Restate, exactly as written, the entries below from the line that holds "Các đại biểu" through the line that holds "Building Photo - 5208 W Ridge Rd". Pictures are not part of the copy.

Excerpted data:
►

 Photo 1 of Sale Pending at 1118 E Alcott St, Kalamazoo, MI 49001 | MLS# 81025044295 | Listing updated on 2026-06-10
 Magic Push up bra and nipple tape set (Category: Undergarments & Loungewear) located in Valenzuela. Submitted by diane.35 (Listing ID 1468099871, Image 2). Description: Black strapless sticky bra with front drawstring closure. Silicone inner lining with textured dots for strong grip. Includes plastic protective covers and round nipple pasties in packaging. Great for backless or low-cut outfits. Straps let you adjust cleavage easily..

◄
►

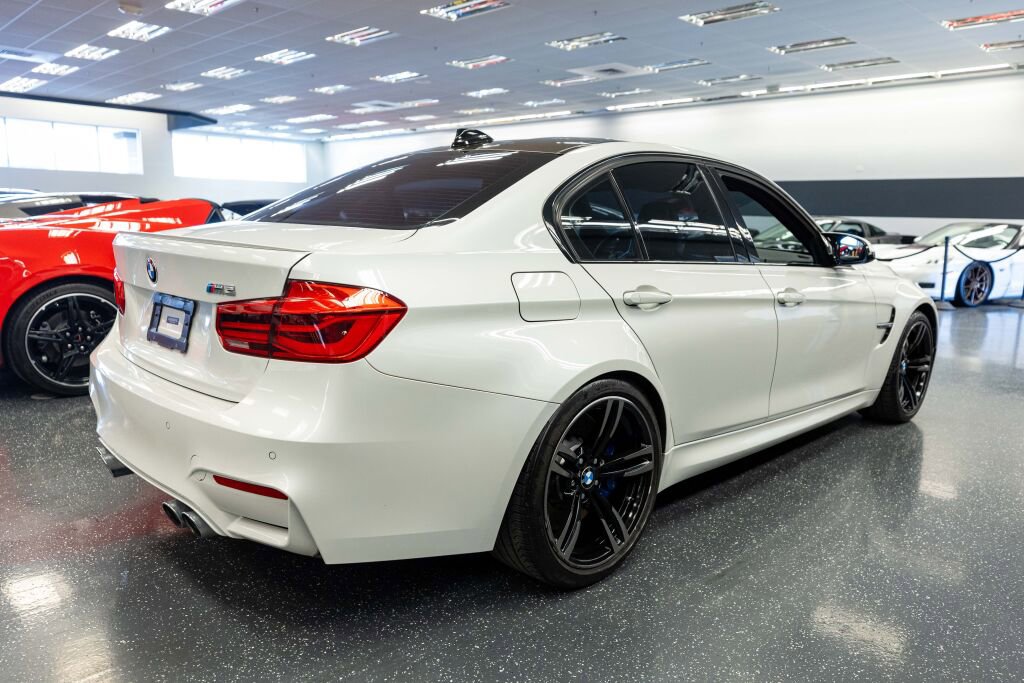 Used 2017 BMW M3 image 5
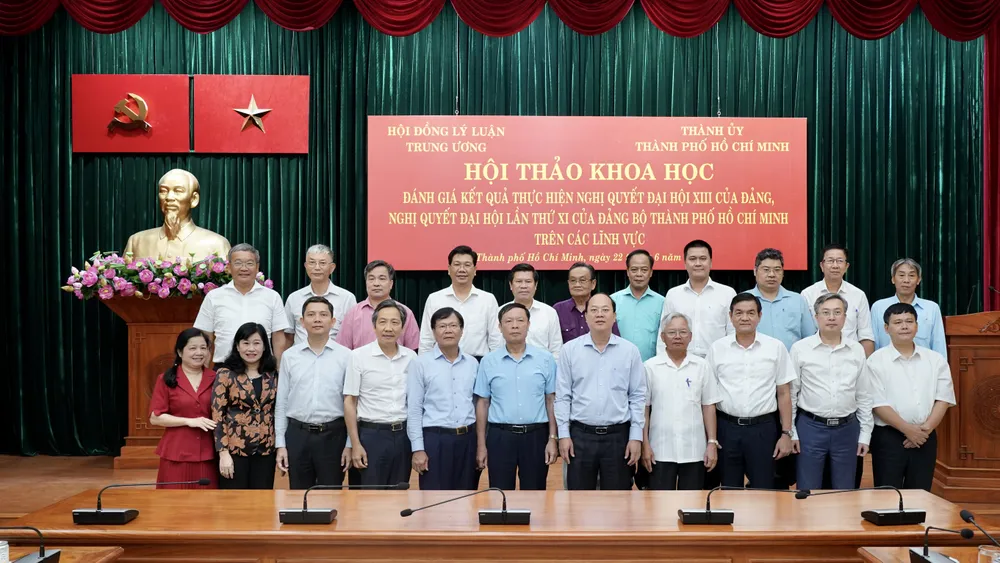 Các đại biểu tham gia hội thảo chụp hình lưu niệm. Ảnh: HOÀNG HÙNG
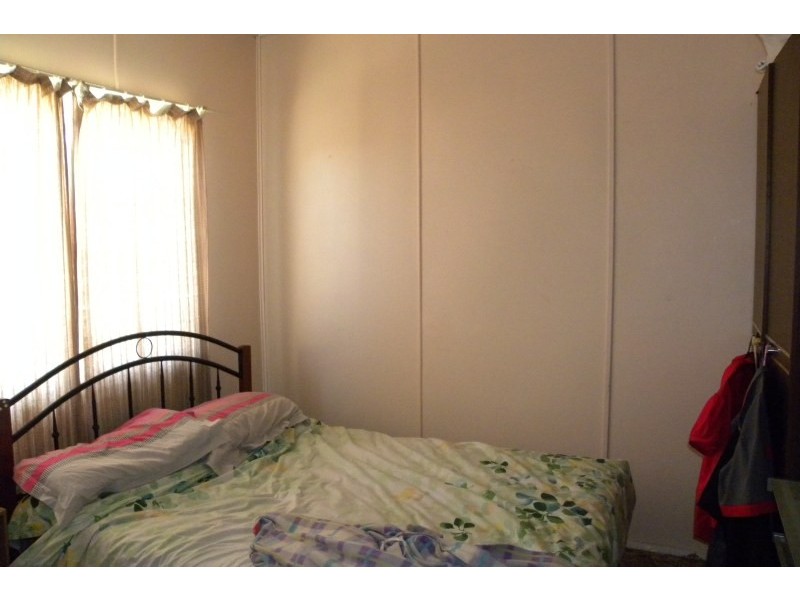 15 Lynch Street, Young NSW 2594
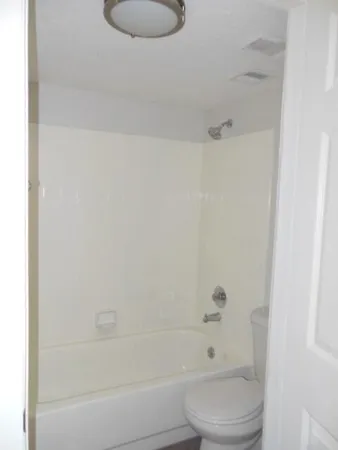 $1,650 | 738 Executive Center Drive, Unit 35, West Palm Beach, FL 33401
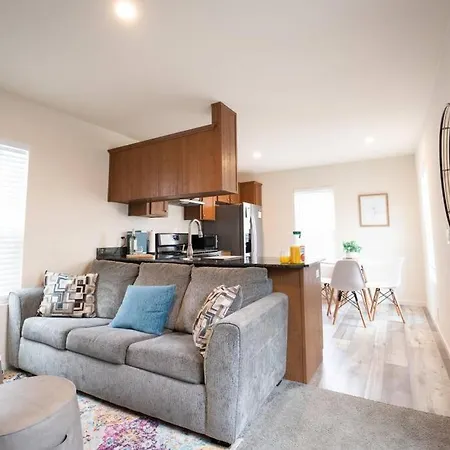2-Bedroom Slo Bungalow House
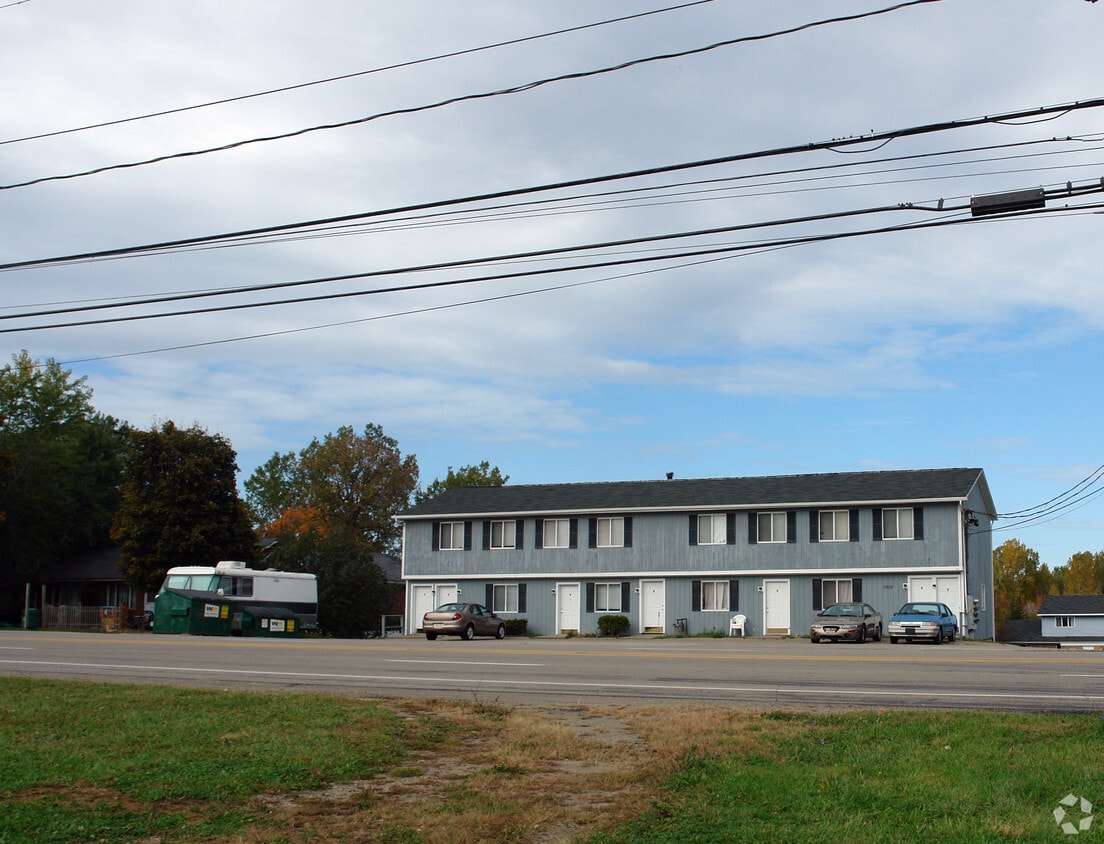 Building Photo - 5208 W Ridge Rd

◄
►

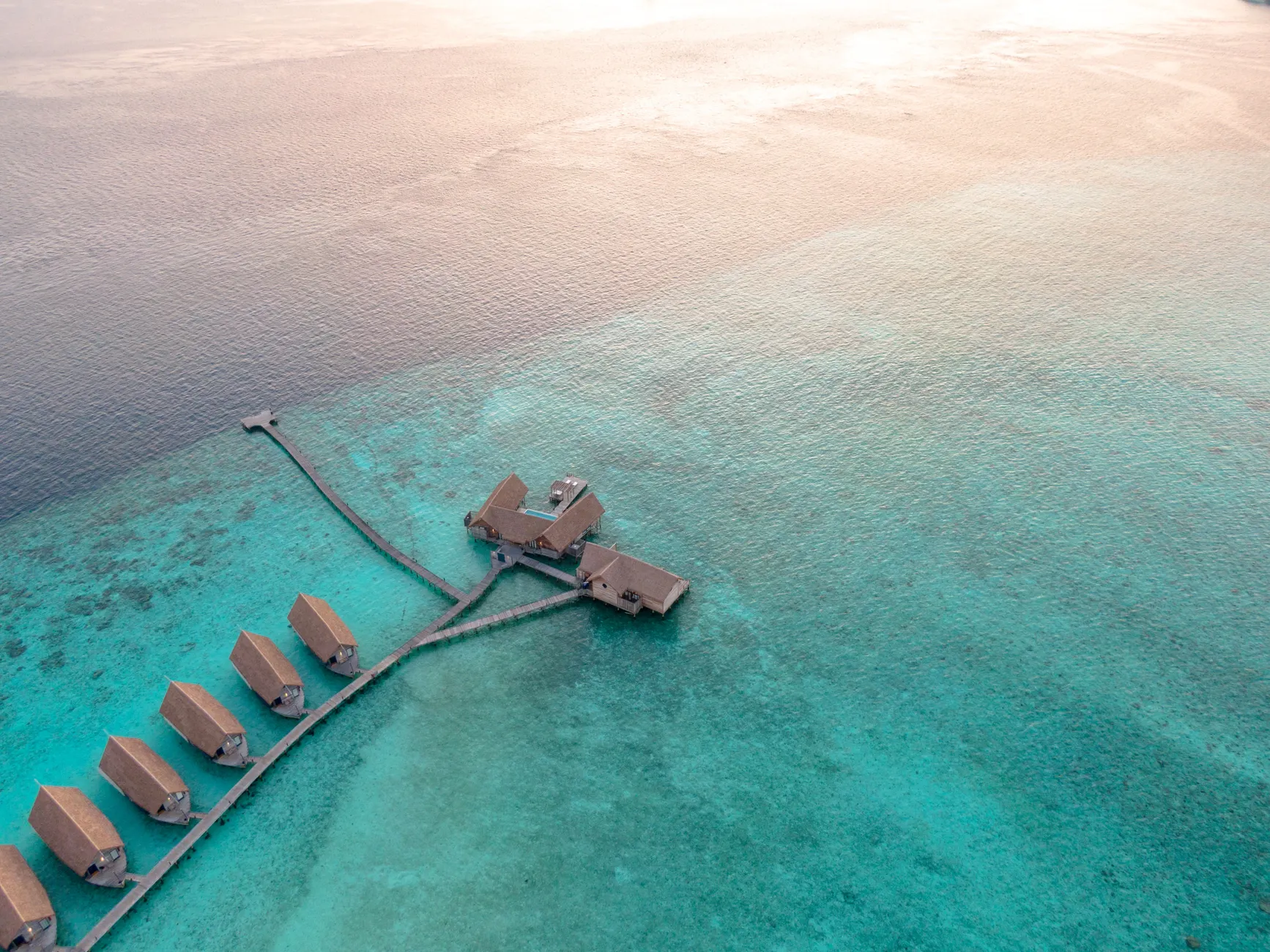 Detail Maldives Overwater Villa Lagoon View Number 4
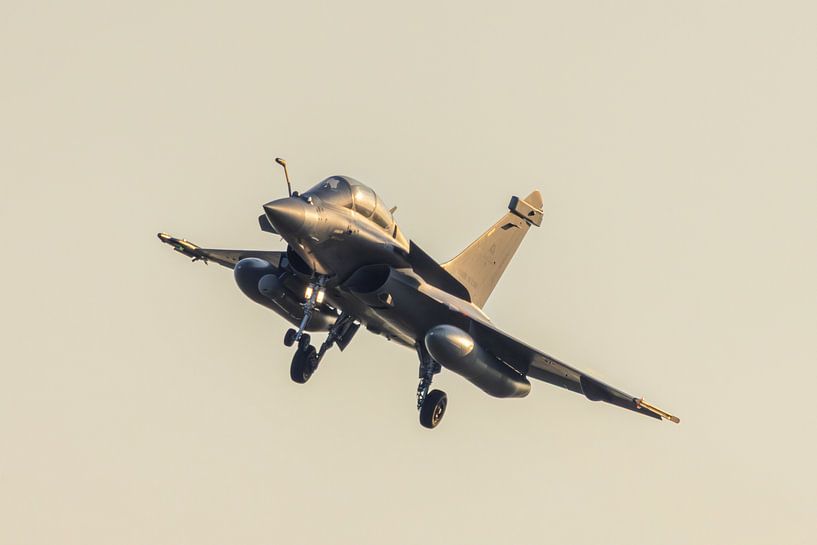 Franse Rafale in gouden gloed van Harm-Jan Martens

◄

Output for this task:
 Các đại biểu tham gia hội thảo chụp hình lưu niệm. Ảnh: HOÀNG HÙNG
 15 Lynch Street, Young NSW 2594
 $1,650 | 738 Executive Center Drive, Unit 35, West Palm Beach, FL 33401
2-Bedroom Slo Bungalow House
 Building Photo - 5208 W Ridge Rd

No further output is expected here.